La plainte déposée par la LTF (Lyon Turin ferroviaire) accuse Erri de Luca d’avoir « incité publiquement à commettre un ou plusieurs délits ». Il est notamment fait référence à des propos tenus par le romancier dans une interview au Huffington Post. Le romancier y donne son point de vue : les discussions avec le gouvernement ayant échoué, le chantier de la ligne inutile en construction doit être saboté. « Pour moi, c’est un viol de territoire », écrit Erri de Luca.

Dans un court essai chez Gallimard pour revendiquer le droit à la parole contraire, il s’explique. « J’accepte volontiers une condamnation pénale, mais pas une réduction de vocabulaire », écrit-il. « Saboter » ne signifie pas forcément une dégradation matérielle. Erri de Luca nous emmène surtout sur un terrain d’actualité : la responsabilité des intellectuels, des artistes, dont la parole compte dans l’espace public.

La parole de l’écrivain

Après avoir énoncé sa nostalgie d’un temps où Pasolini, grand intellectuel italien de la gauche révolutionnaire, écrivait dans la presse officielle et était invité régulièrement par la télévision publique, Erri de Luca constate le silence assourdissant des artistes de notre époque : « essayez donc aujourd’hui de demander au firmament du tapis rouge une signature pour la plus innocente pétition. »

Pourtant, rappelle le romancier, « un écrivain possède une petite voix publique. Il peut s’en servir pour faire quelque chose de plus que la promotion de ses œuvres ». Et notamment, il peut utiliser sa parole au service des sans voix, « être le porte-parole de celui qui est sans écoute. »

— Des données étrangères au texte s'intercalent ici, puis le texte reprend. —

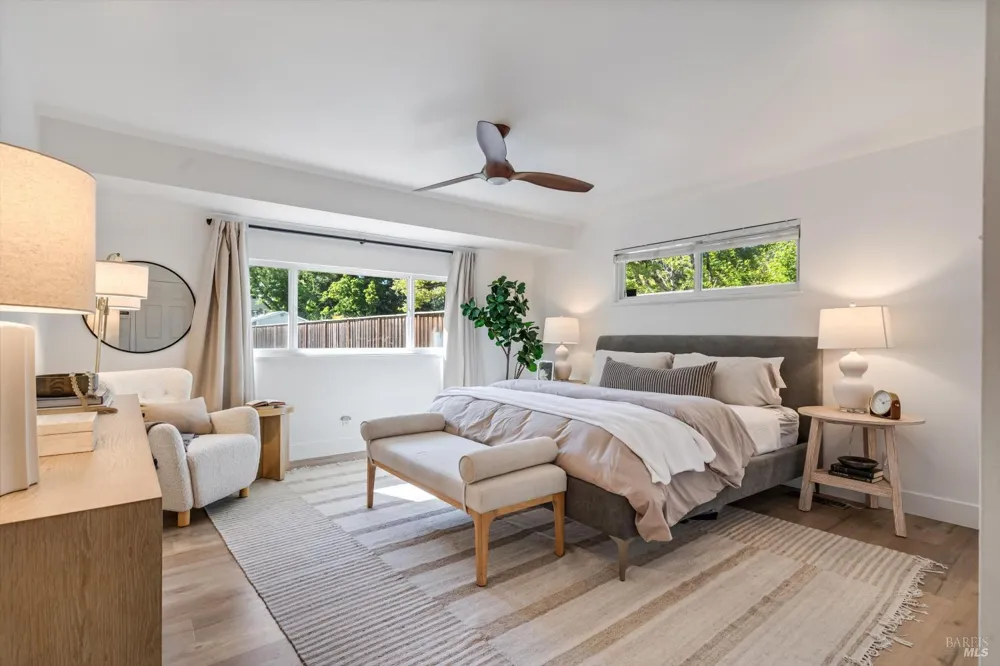 47 Hoff Road Kenwood, CA 95409
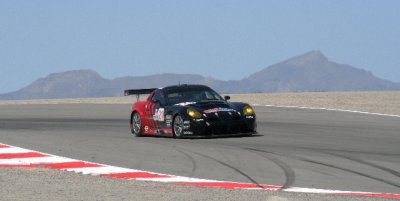 Panoz Eserante Ford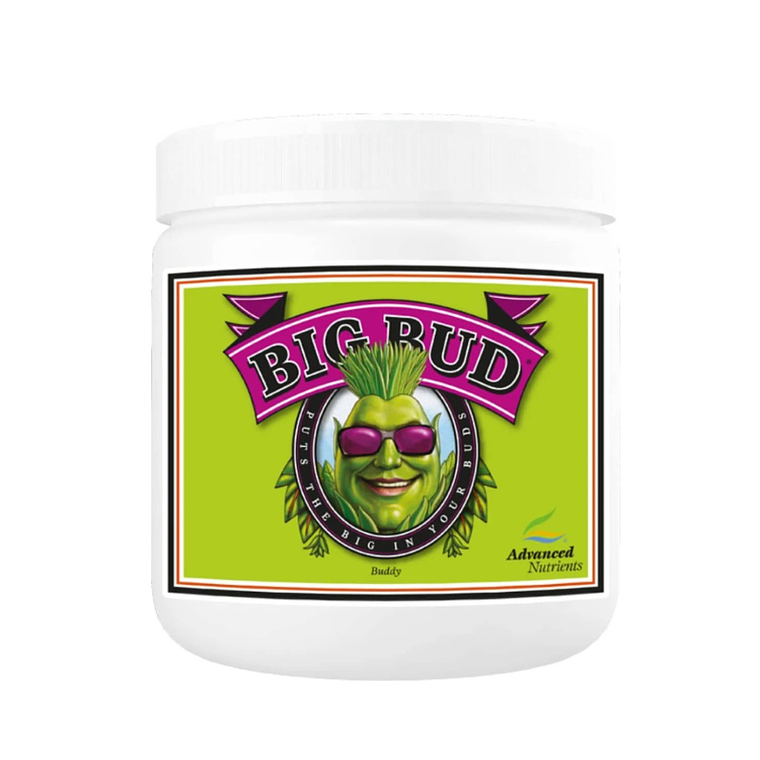 Big Bud 130g Advanced Nutrients 1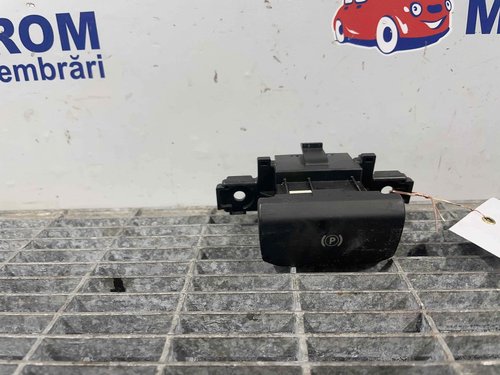 INTRERUPATOR FRANA DE MANA PEUGEOT 508 - - (2014 2018)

La plainte déposée contre lui a finalement mis sur un piédestal sa parole contraire. C’est son « premier prix littéraire en Italie », conclut-il. Dans ce texte court et libre, Erri de Luca affirme aussi que « l’utopie n’est pas un point d’arrivée, mais un point de départ ».

 Clémentine Autain

La parole contraire, d’Erri de Luca, Gallimard, 8 euros.